A tribute article to Stephen Hawking (1942-2018)
Another new first has been achieved for astronomers studying the elusive and mysterious objects known as black holes. Astronomers at the National Optical Astronomy Observatory (NOAO) have detected the signature of two massive black holes at the center of one galaxy.
Black Holes, Galactic Cores, and Quasars
It has long been known that massive black holes lie at the heart of most galaxies in the Universe. Black holes are recognized by their surroundings. As the surrounding material is sucked into a black hole, it does not fall directly in but swirls around the black hole, much like water swirls around an open drain. It is the creation of this flat accretion disk of stellar material surrounding the black hole that can create quasars. A quasar is the nucleus in an active galaxy. Quasars have high red-shifts, indicating that they are much father away from us than other galaxies in the Universe and revealing that such active galaxies were more common in the past. More than 100,000 quasars have been discovered lying billions of light-years from Earth.
Black holes are found in galactic cores by the spectral signature of the material in the accretion disk. The emission lines give scientists information about the speed and direction of the material around the black hole. The search for twin black holes required astronomers to look for a dual signature in the emission lines. This is just what former NOAO Director Todd Boroson and NOAO Astronomer Tod Lauer have found using data from the Sloan Digital Sky Survey.
The Fate of Black Holes in Galactic Mergers
Galaxies, particularly those in clusters, can collide and merge into one larger galaxy. The question is, what happens to the black holes in these galaxies’ nuclei? Current theory predicts that the black holes will orbit one another until they eventually merge into one large black hole.

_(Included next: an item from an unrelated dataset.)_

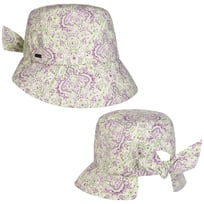 Summer Paisley Bomuldshat by McBURN - 499,00 kr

When Boroson and Lauer found the dual signature in the emission lines, they first had to rule out that they were seeing two black holes in separate galaxies, positioned one in front of the other. Using red-shifted distance, they discovered that the two black holes were, indeed in the same location.
“The double set of broad emission lines is pretty conclusive evidence of two black holes,” Boroson explains. “If in fact this were a chance superposition, one of the objects must be quite peculiar.”
Future observations will help to cement their case. “One nice thing about this binary black hole system is that we predict that we will see observable velocity changes within a few years at most. We can test our explanation that the binary black hole system is embedded in a galaxy that is itself the result of a merger of two smaller galaxies, each of which contained one of the two black holes.”
The two black holes are separated by 1/10 of a parsec, which is equal to 1/3 of a light-year or a tenth of the distance from the Sun to the nearest star. The smaller black hole has a mass 20 million times that of the Sun and the larger one is 50 times bigger. The black holes complete an orbit around their center of mass every 100 years, traveling at 6,000 kilometers per second.